SERIE : Fargo saison 1 - 2014

fargo-prison

2014 sera définitivement l'année des séries : après l'immense True Detective, après le grandiose P'tit Quinquin, voilà ce Fargo tout aussi génial, on est repus. La série s'appuie sur le déjà sympathique film des frères Coen, en prolongeant les arcanes et les sous-trames, et se montre très fidèle en esprit à son modèle. Les personnages sont en gros les mêmes, la trame principale aussi, le paysage itou ; mais surtout la série parvient à retrouver ce ton inoui inventé par les Brothers, un humour noir associé à une violence sèche, une symphonie pour loser dépassé dopée par ses personnages forts, le tout sur fond de neige striée de rouge. Plaisir total de suivre cette descente aux enfers d'un tout petit mec qui, parce qu'il a rencontré le mauvais gars au mauvais moment, va voir sa minable existence d'assureur dominé bouleversée par les meurtres, les traques de la police et les enquêtes à rallonge.

fargo-2

Fait rare, d'abord, dans une série : les acteurs sont excellents. Martin Freeman surjoue avec bonheur son pathétique homme sans qualité, plein de tics et de lâcheté, jusqu'à sa métamorphose en homme à femmes sûr de lui ; Allison Tolman est parfaite en fliquette pugnace et normale, avec ses yeux de merlan et son courage discret ; le couple de tueurs à gage fait carrément oublier celui des Coen tant il est crédible et fun (on dirait un duo désaccordé de Tex Avery, sauf que celui-ci vous exécute des gars à tours de bras) ; Bob Odenkirk, est aussi drôle ici, et dans un tout autre registre, que dans Breaking bad. Mais surtout, grande idée de casting, Billy Bob Thornton est gigantesque. Il interprète un tueur à gages à la limite du surnaturel, tuant en pleine rue des dizaines de gusses, sans souci des caméras de surveillance ou des gardes à vue qui en découlent, comme un surhomme, comme un fantôme.
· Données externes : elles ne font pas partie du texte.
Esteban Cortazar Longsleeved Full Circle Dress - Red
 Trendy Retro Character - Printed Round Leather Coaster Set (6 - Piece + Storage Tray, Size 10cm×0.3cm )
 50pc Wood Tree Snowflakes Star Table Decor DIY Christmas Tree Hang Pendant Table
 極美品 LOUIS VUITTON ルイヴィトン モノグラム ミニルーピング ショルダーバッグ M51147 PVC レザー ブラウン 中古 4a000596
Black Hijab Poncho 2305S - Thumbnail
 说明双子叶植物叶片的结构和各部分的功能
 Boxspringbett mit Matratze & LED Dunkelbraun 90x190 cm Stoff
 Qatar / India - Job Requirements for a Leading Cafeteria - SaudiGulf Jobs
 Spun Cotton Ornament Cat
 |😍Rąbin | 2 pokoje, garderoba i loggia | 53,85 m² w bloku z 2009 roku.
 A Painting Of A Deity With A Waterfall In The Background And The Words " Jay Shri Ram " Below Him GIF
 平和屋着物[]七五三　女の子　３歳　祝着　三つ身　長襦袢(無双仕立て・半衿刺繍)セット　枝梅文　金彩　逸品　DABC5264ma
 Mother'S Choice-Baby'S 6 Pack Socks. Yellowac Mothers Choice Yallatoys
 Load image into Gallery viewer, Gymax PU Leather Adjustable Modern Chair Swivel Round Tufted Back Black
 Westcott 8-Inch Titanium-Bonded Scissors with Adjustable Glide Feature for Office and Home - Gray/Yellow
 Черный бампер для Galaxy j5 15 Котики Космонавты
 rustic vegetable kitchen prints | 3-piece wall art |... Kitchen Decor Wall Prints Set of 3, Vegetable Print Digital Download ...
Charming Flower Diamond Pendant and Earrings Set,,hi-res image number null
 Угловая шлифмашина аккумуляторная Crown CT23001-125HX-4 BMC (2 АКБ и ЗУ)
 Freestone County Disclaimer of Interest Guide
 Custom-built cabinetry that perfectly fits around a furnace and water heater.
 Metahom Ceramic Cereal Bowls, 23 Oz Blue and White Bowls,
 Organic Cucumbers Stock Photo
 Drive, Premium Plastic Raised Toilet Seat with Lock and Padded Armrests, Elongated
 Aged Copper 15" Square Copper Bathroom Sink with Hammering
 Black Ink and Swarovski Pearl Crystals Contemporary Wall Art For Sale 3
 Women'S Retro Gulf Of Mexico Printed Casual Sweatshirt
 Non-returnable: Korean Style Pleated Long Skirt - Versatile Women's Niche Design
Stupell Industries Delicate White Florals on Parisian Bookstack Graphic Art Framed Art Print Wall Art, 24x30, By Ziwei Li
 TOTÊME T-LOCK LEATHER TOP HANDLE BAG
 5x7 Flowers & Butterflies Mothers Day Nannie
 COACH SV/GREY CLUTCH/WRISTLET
Il joue la chose avec un mélange de dandysme grand crin (les costumes sont vraiment bien) et de clownerie macabre, sans jamais se départir de son flegme suave : il est donc parfaitement effrayant, exerçant une fascination étonnante sur le spectateur (on se retrouve clairement de son côté, alors qu'il est le diable incarné), à la fois très drôle et détestable.

Fargo-episode-two-011

Avec une telle interprétation, la série trouve un ton parfait, et a la bonne idée de raconter sa trame (relativement complexe) d'une seule traite, sans passer par des circonvolutions ou des constructions de récit sophistiquées. Sa sophistication, elle la trouve dans les ambiances, dans ce très curieux regard, dans ce style indéfinissable. C'est à la fois complètement relâché (on peut passer de longues minutes sur une scène qui ne sert strictement à rien dans la trame policière) et tendu comme un string (les pics de la série sont gérés de main de maître, notamment ce grandiose avant-dernier épisode, construit comme un film d'horreur : un massacre au début, puis on retient l'action jusqu'au bout du bout pour crisper le spectateur, c'est génial). Bourré d'idées de mise en scène et de grands moments, Fargo peut se permettre de reproduire le fameux massacre en hors champ de Scarface de Hawks avec encore plus de brio (on suit une tuerie en travelling depuis l'extérieur, et on ne perçoit ce qui se passe qu'à travers les cris, une vitre qui se brise), de faire des envolées vers un fantastique onirique très étrange (avec plus ou moins de réussite d'ailleurs : l'épisode central est complètement raté, faisant basculer la série dans le fantastique, redistribuant les cartes des caractères... pour mieux revenir dans les derniers épisodes sur ce qui fait la grandeur du scénario), de consacrer de nombreux plans à la simple beauté du paysage (le film est cadré en plans larges, souvent en très grand format, et met magnifiquement en valeur la blancheur unie de la région), de nous plonger parfois dans une inattendue mélancolie, ou de nous faire marrer avec un type qui tue sa femme à coups de marteau. C'est miraculeux d'arriver à tenir un tel fragile équilibre, une telle homogénéité de ton, sur les dix épisodes, et on espère que la deuxième saison annoncée (avec une autre histoire, d'autres acteurs) sera aussi superbement tenue.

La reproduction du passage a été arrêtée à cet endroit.